The initial public offering of recently-listed Chinese education provider Youdao on the New York Stock Exchange opened at 13.4% below the listing price.
The Beijing-based Youdao (有道) launched on the New York Stock Exchange under the symbol ‘DAO’ on Friday, October 25. The company set its offering of 5.6 million American depositary shares at USD 17 per share in an attempt to raise USD 300 million.
However, the shares opened at USD 13.50, reaching their highest price at USD 14.72; by the end of the day the trade closed at USD 12.5, which was 32.1% down from the IPO price.
The company has raised USD 95.2 billion through the offering process, and plans to raise a further USD125 million through private placement of 7.35 million ordinary shares to certain funds managed by Orbis Investment Management Ltd.
Youdao, a search engine and online education platform, was launched by Zhejiang-based gaming company NetEase (网易) back in 2006. It operates China’s most popular dictionary and translation app and counted more than 700 million users at the start of the year.
The firm accumulated a revenue of CNY 548.54 million in the first half of 2019, with a year-on-year increase of 67.7%. The net losses, on the other hand, were as high as CNY 167.89 million compared to CNY 82.75 million in the first half of 2018.
Furthermore, throughout the first half of 2019, the company had 338,000 paid users using its higher education courses, 105,000 of which were users subscribed to its K12 courses, marking 80.8% year-on-year increase, according to the prospectus.

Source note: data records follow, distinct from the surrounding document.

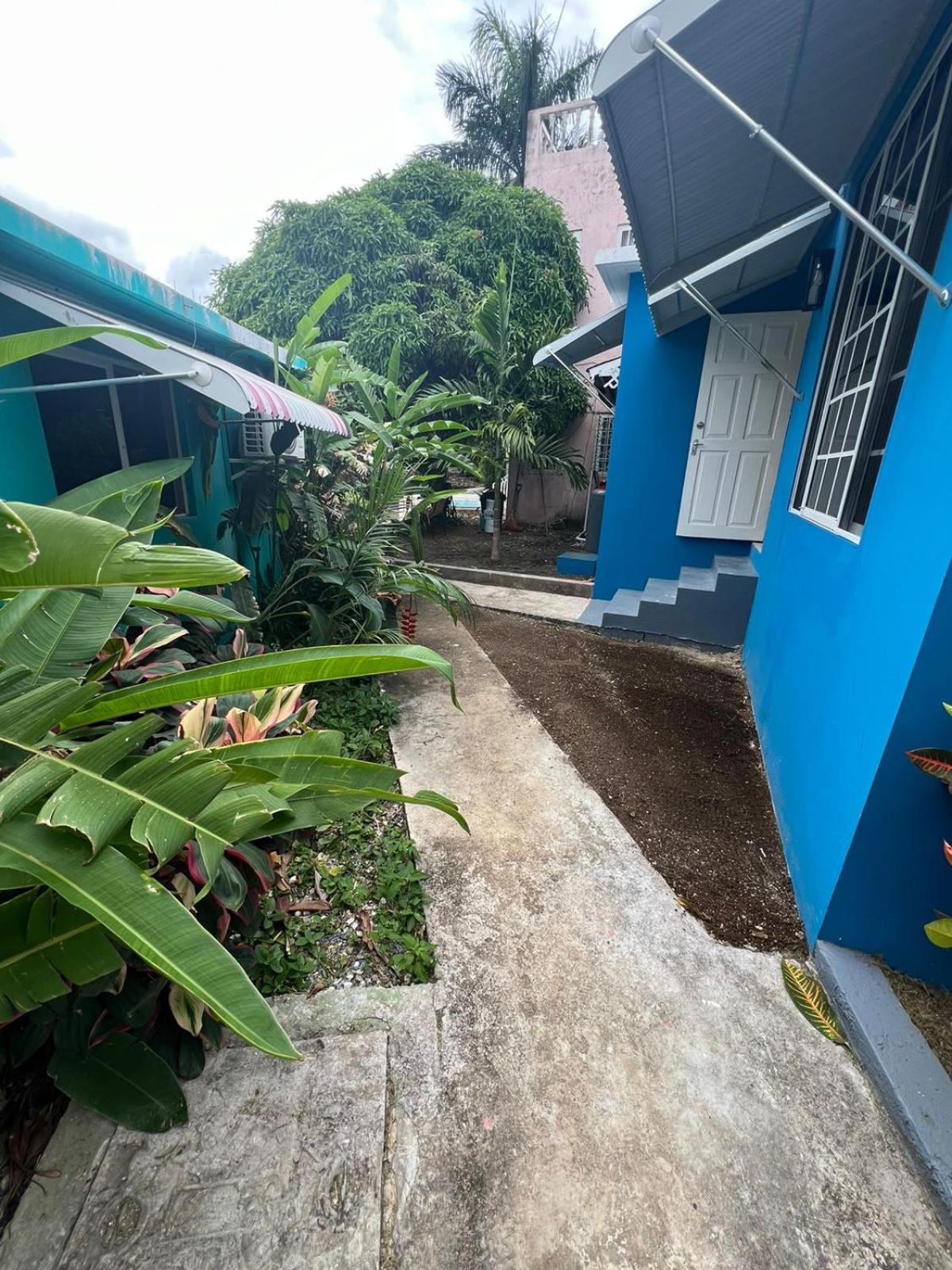 The Polo Club At Racquet Club Apartment Montego Bay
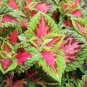 20 Pcs Premium Sun Coleus Herbs Seeds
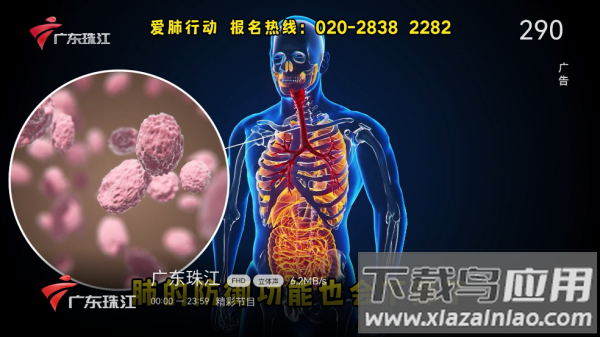 电视家完美版IPV6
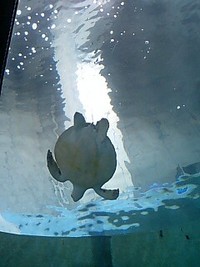 ∞美ら海水族館∞ 2008/12/28 02:50:58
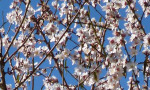 Almond blossom in Andalucía.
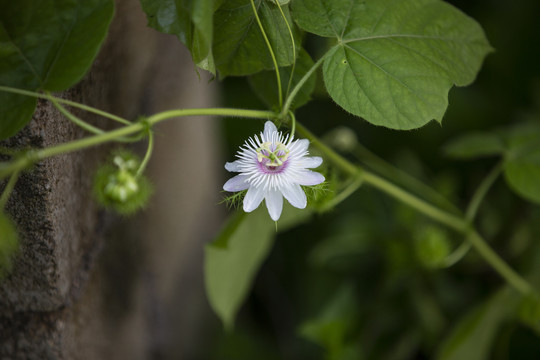 龙珠果花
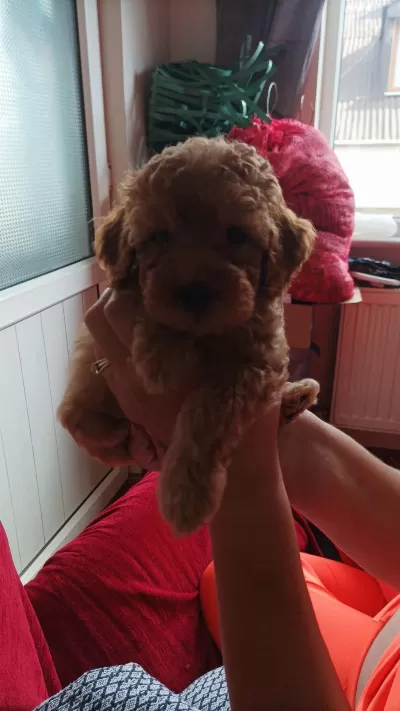2,5 Aylık Dişi Toy Poodle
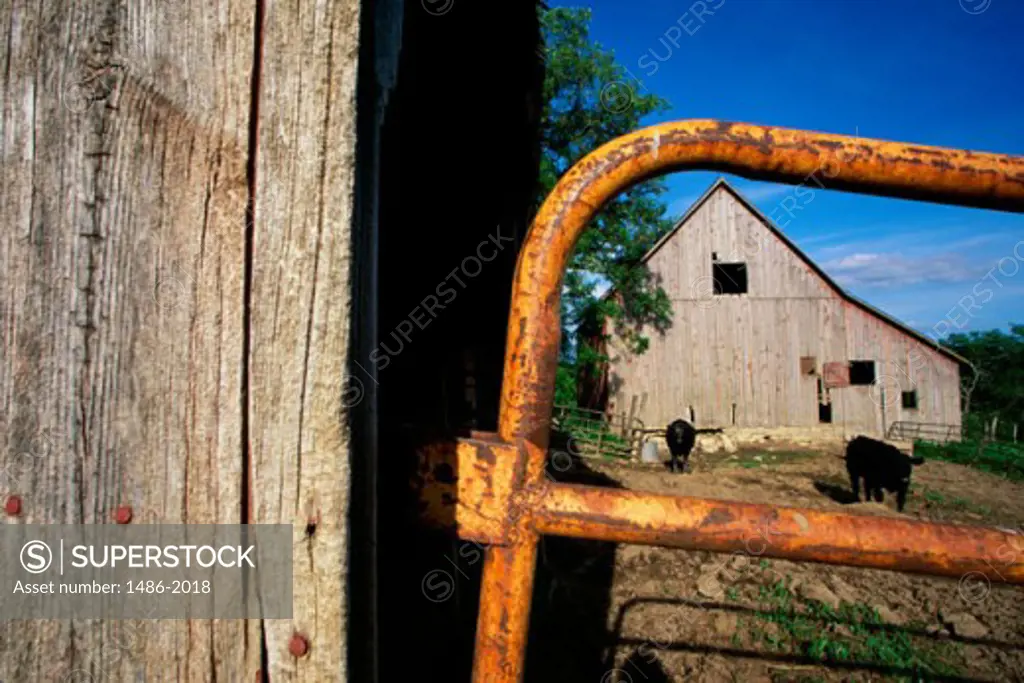 Cattle in a barnyard, Iowa, USA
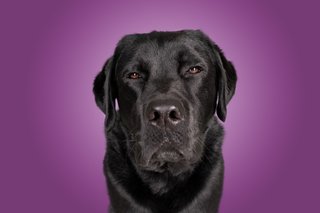 Hundefotos Dresden Gute Laune Fotos-053.jpg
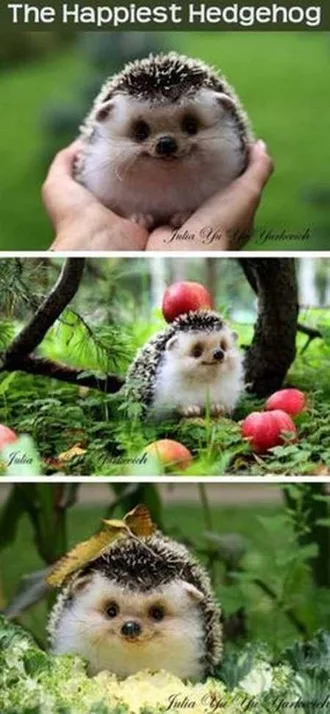 Funny Baby Animals 202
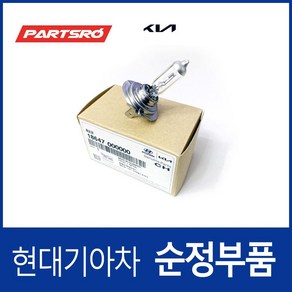 폭스바겐 CC 순정 코너링 램프 H7 전구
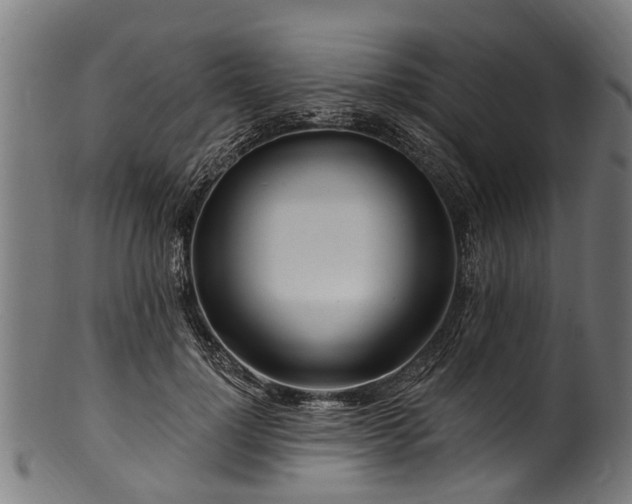 X0000100970748200806241551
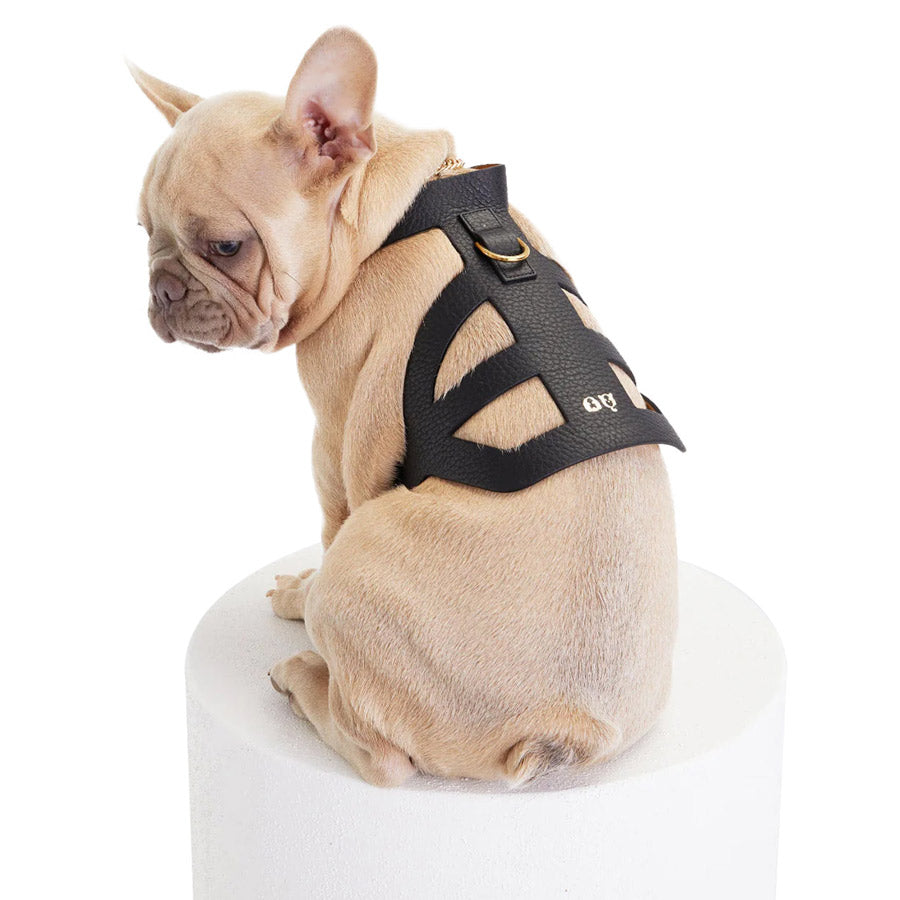 Pierre Dog Harness By Moshiqa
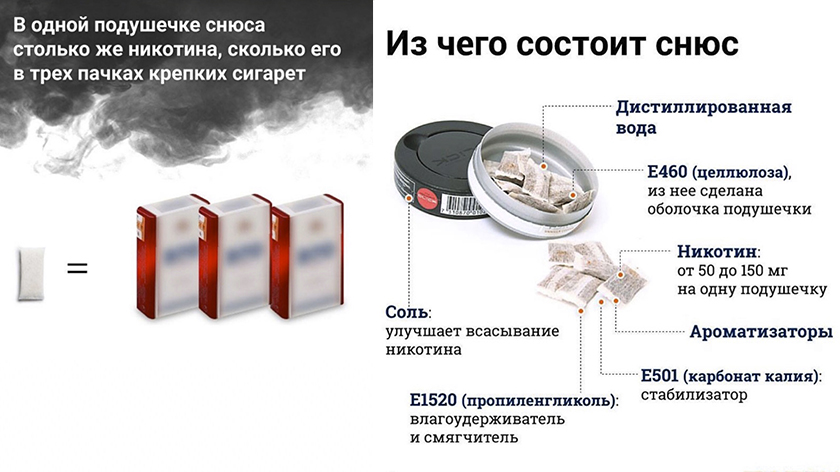 Еще раз о снюсах - Новости - Администрация Железнодорожного района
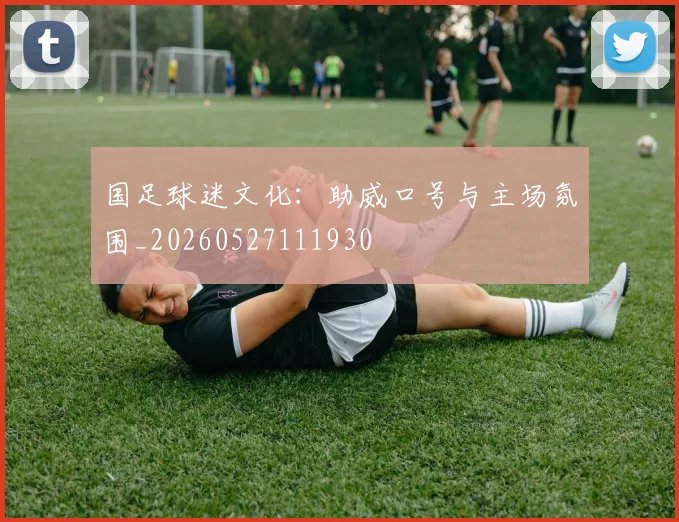 国足球迷文化:助威口号与主场氛围_20260527111930
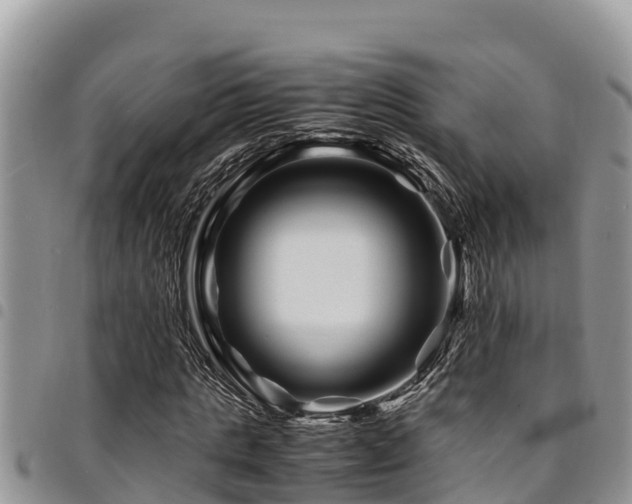 X0000094930821200711291332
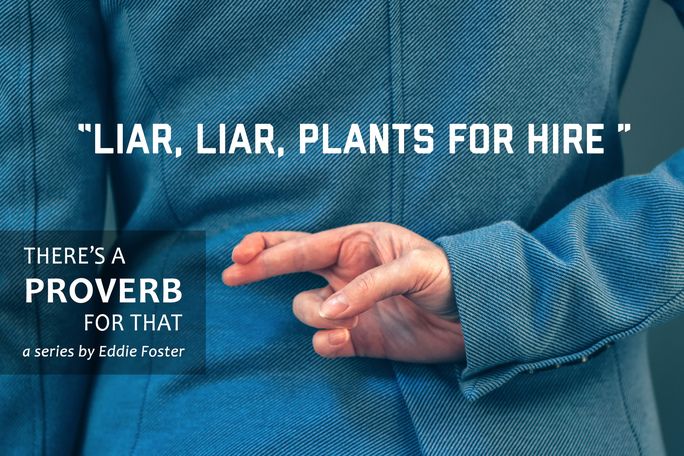 Proverb Liar Liar Plants For Hire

NetEase (NTES: NASDAQ) is listed on NASDAQ and is one of China’s largest internet companies, with a revenue of CNY 67.16 billion last year. The company claims to have more than 800 million users, with a DAU of 17 million across its portfolio of apps, with Youdao accounting for a significant share.
It’s still early to judge Youdao’s IPO performance from its first day – China’s online education is in higher demand every year. In the end, what matters is the long-term, post IPO performance.